Roadshow offers free liver health checks

Members of the public are being offered free liver health checks by a charity in a cross-London roadshow.

The British Liver Trust’s Love Your Liver mobile unit is travelling around the capital from March 24-47 offering free liver screening and scans.

The charity says one in five people may have the early stages of liver disease but be unaware of it.

The four-day roadshow is stopping at the following locations:

  • Sunday 24th March 2019, Windrush Square, Brixton, 10am to 4pm
  • Monday 25th March 2019, Station Road, Harrow, 10am to 4pm
  • Tuesday 26th March 2019, Great Queen Street, Convent Garden, 10am to 4pm
  • Wednesday 27th March 2019, Romford Market, Romford, 10am to 4pm

Vanessa Hebditch, Director of Policy and Communications at the British Liver Trust, said: “Liver disease and cancer of the liver affects thousands of people in London and the numbers diagnosed have been increasing at an alarming rate. There are very few signs of the disease in the early stages and when symptoms appear, the damage to the liver is often irreversible.

“The liver is just as vital an organ as the heart, but people often fail to appreciate the importance of keeping it healthy. There are also lots of myths – for example people believe that you need to be an ‘alcoholic’ to develop liver disease whereas one in five of us in the capital are currently drinking at a level that puts our liver at risk and many people don’t realise that being overweight is also a big risk factor.

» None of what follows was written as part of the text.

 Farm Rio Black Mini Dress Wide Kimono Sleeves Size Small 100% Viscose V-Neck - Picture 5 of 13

“We urge people in London to come along to one of our roadshows to take full advantage of this opportunity to have a free liver scan and get advice on lowering their liver disease risk in a friendly, informal setting.”

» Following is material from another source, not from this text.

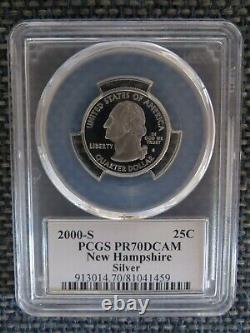 2000 S SILVER (New Hampshire MD MA VA SC) 5-Coin Proof Set PCGS PR70DCAM Flag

Dr Doug Thorburn, Consultant Hepatologist at Royal Free, who is supporting the campaign said: “At the moment three quarters of the people we see already have cirrhosis when they are diagnosed with liver disease. It’s vital that we alert people to the risk factors early. Diagnosis of liver problems at a less advanced stage provides the opportunity for earlier intervention which really can save lives.”